This tutorial introduces the fundamental concepts of **PyTorch** trhough self-contained examples.

PyTorch:

* An- *n-dimensional* Tensor, similar Numpy but can run on GPUs
* Automatic differentiation for buildinf and training NN

## Tensors

Numpy provides an n-dimensional array object, and many functions for manipulatiing these arrays.

In [None]:
#
import numpy as np
import math

# build random input and output data
x = np.linspace(-math.pi, math.pi, 20000)

y = np.sin(x)

print(x)
print(y)

[-3.14159265 -3.14127848 -3.1409643  ...  3.1409643   3.14127848
  3.14159265]
[-1.22464680e-16 -3.14174969e-04 -6.28349907e-04 ...  6.28349907e-04
  3.14174969e-04  1.22464680e-16]


In [None]:
# random initialize weights
a = np.random.randn()
b = np.random.randn()
c = np.random.randn()
d = np.random.randn()

print(a)
print(b)
print(c)
print(d)

-0.8146623655005207
-1.6856753979805996
-0.6123274389539223
1.767770404568969


In [None]:
learning_rate = 0.000001
for t in range(2000):
  # forward pass: compute predicted y
  # y = a + b x + c^2 + d x^3
  y_pred = a + b*x + c*x**2 + d*x**3

  # compute and print loss
  loss = np.square(y_pred - y).sum()
  if t % 100 == 99:
    print(t, loss)

  # backprop to compute gradients of a, b, c, d with respect to loss
  grad_y_pred = 2.0 * (y_pred -y)
  grad_a = grad_y_pred.sum()
  grad_b = (grad_y_pred * x).sum()
  grad_c = (grad_y_pred * x ** 2).sum()
  grad_d = (grad_y_pred * x ** 3).sum()

  # update weights
  a -= learning_rate * grad_a
  b -= learning_rate * grad_b
  c -= learning_rate * grad_c
  d -= learning_rate * grad_d

print(f"Result: y = {a} + {b} + {c}X^2 + {d} X^3")

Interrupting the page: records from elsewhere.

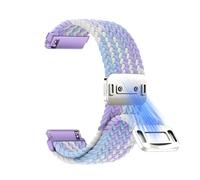 CiimWaa 20mm Correas Elástica Nylon Correa, 20mm/22mm Trenzada Magnética Reloj de Repuesto para Mujer Hombre, Correas Deportivas de Nailon Suave Transpirable [20 mm Púrpura]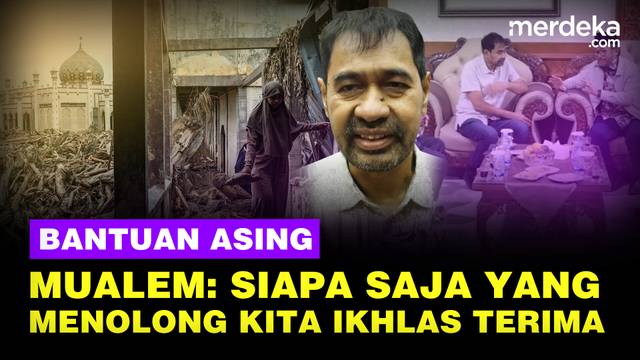Gubernur Aceh Mualem Dapat Bantuan Asing untuk Bencana: Siapa Saja Menolong Kita Terima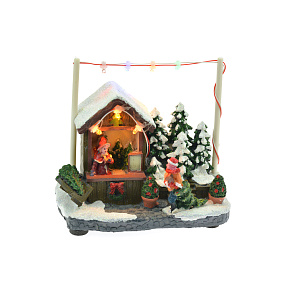 Vánoční scéna - Obchod s hračkami Vánoční scéna - Obchod s hračkami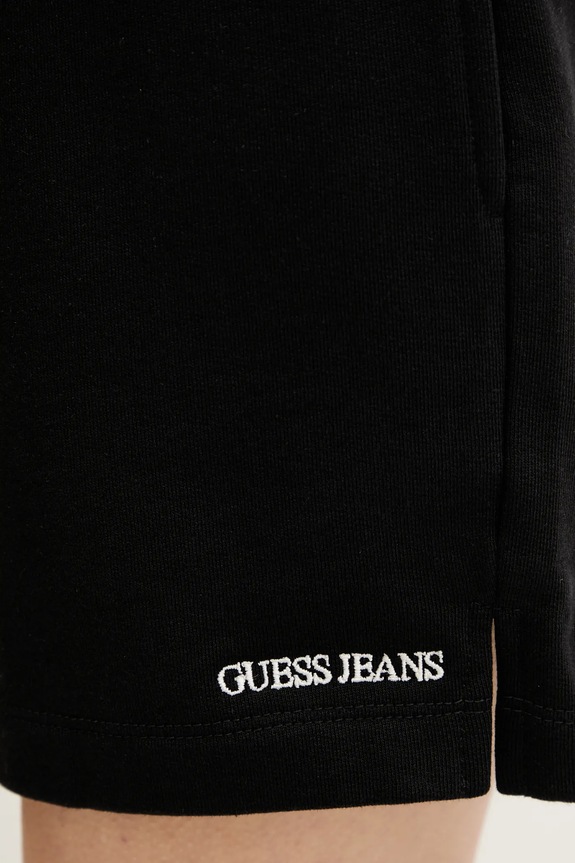 Guess Jeans pamut rövidnadrág fekete W5GD0O.K68I4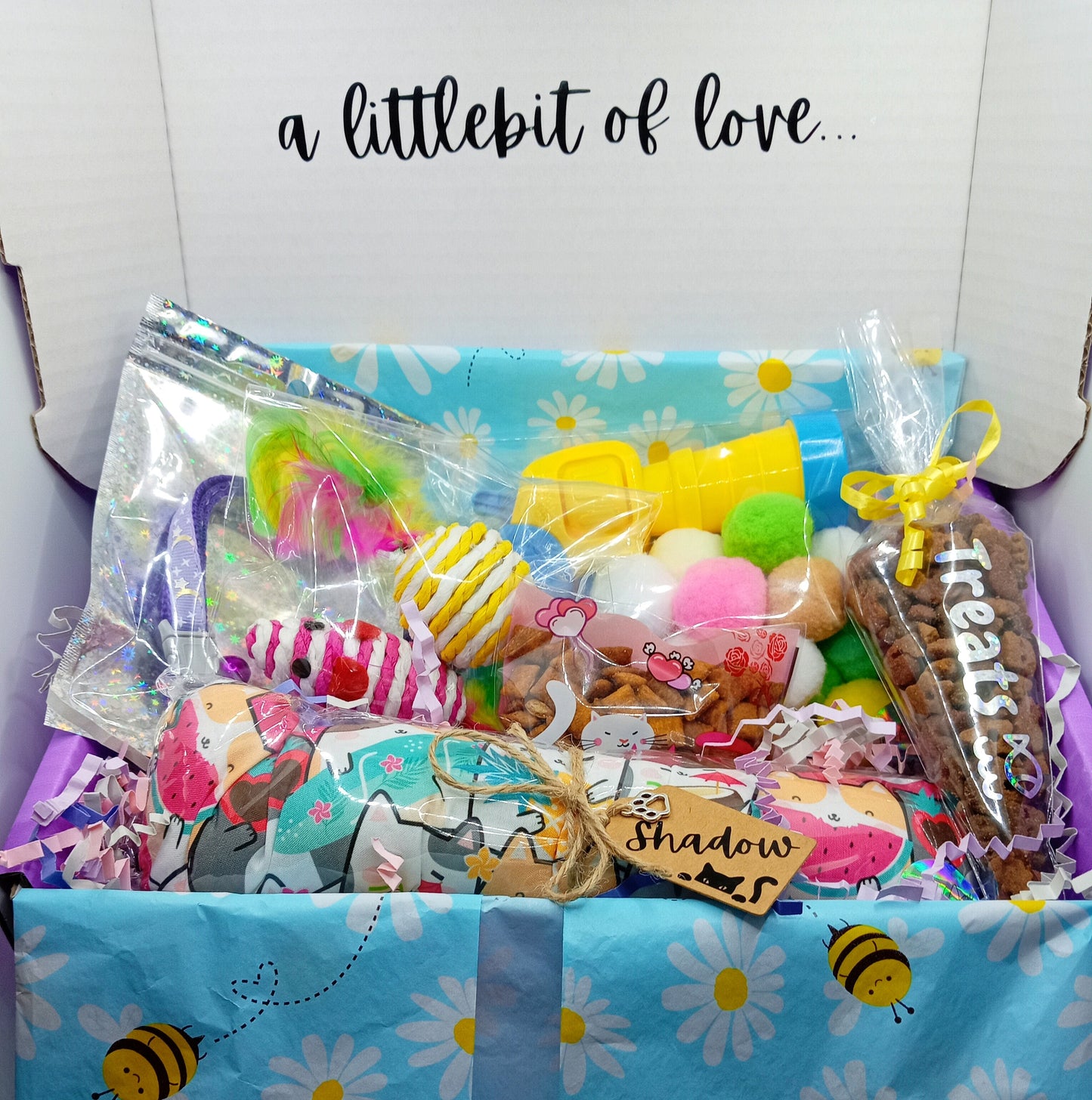 Purrfect Treats Cat Gift Box - Personalised Cat Gift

99 1.3607234142327261e+138
199 6.362311075775465e+270


  return umr_sum(a, axis, dtype, out, keepdims, initial, where)
  loss = np.square(y_pred - y).sum()


299 inf
399 inf


  return umr_sum(a, axis, dtype, out, keepdims, initial, where)
  d -= learning_rate * grad_d


499 nan
599 nan
699 nan
799 nan
899 nan
999 nan
1099 nan
1199 nan
1299 nan
1399 nan
1499 nan
1599 nan
1699 nan
1799 nan
1899 nan
1999 nan
Result: y = nan + nan + nanX^2 + nan X^3


## Pytorch: Tensors

Numpy is a great framework, but can not utilize GPU to accelerate its numerical computations.
GPU spedups 50x or greater

PyTorch concept: **Tensor**

A PyTorch Tensor is conceptually identical to a numpy array: a Tensor is an n-dimensional array, and PyTorch provides many functions for operating on these Tensors.

Run the Tensor on GPU, should specify the correct device.

In [None]:
import torch
import math

dtype = torch.float
device = torch.device("cpu")

# Build random input and data output
x = torch.linspace(-math.pi, math.pi, 2000, device=device, dtype=dtype)
y = torch.sin(x)

# randomly initialize weights
a = torch.randn((), device=device, dtype=dtype)
b = torch.randn((), device=device, dtype=dtype)
c = torch.randn((), device=device, dtype=dtype)
d = torch.randn((), device=device, dtype=dtype)

learning_rate = 0.001

for t in range(2000):
  # forward pass: compute predicted y
  y_pred = a + b*x + c*x**2 + d*x**3

  # compute and print loss
  loss = (y_pred - y).pow(2).sum().item()
  if t % 100 == 99:
    print(t, loss)

  # Backprop to compute gradients of a,b,c,d withrespect to loss
  grad_y_pred = 2.0 * (y_pred - y)
  grad_a = grad_y_pred.sum()
  grad_b = (grad_y_pred * x).sum()
  grad_c = (grad_y_pred * x ** 2).sum()
  grad_d = (grad_y_pred * x**3).sum()

  # update weights using gradient descent
  a -= learning_rate * grad_a
  b -= learning_rate * grad_b
  c -= learning_rate * grad_c
  d -= learning_rate * grad_d

print(f"Result = y {a.item()} + {b.item()}x + {c.item()}X^2 + {d.item()} X^3")

99 nan
199 nan
299 nan
399 nan
499 nan
599 nan
699 nan
799 nan
899 nan
999 nan
1099 nan
1199 nan
1299 nan
1399 nan
1499 nan
1599 nan
1699 nan
1799 nan
1899 nan
1999 nan
Result = y nan + nanx + nanX^2 + nan X^3


## Autograd

Manually implementing the backward pass is not a big deal for a small two-layer network, but can quickly get very hairy for large complex networks.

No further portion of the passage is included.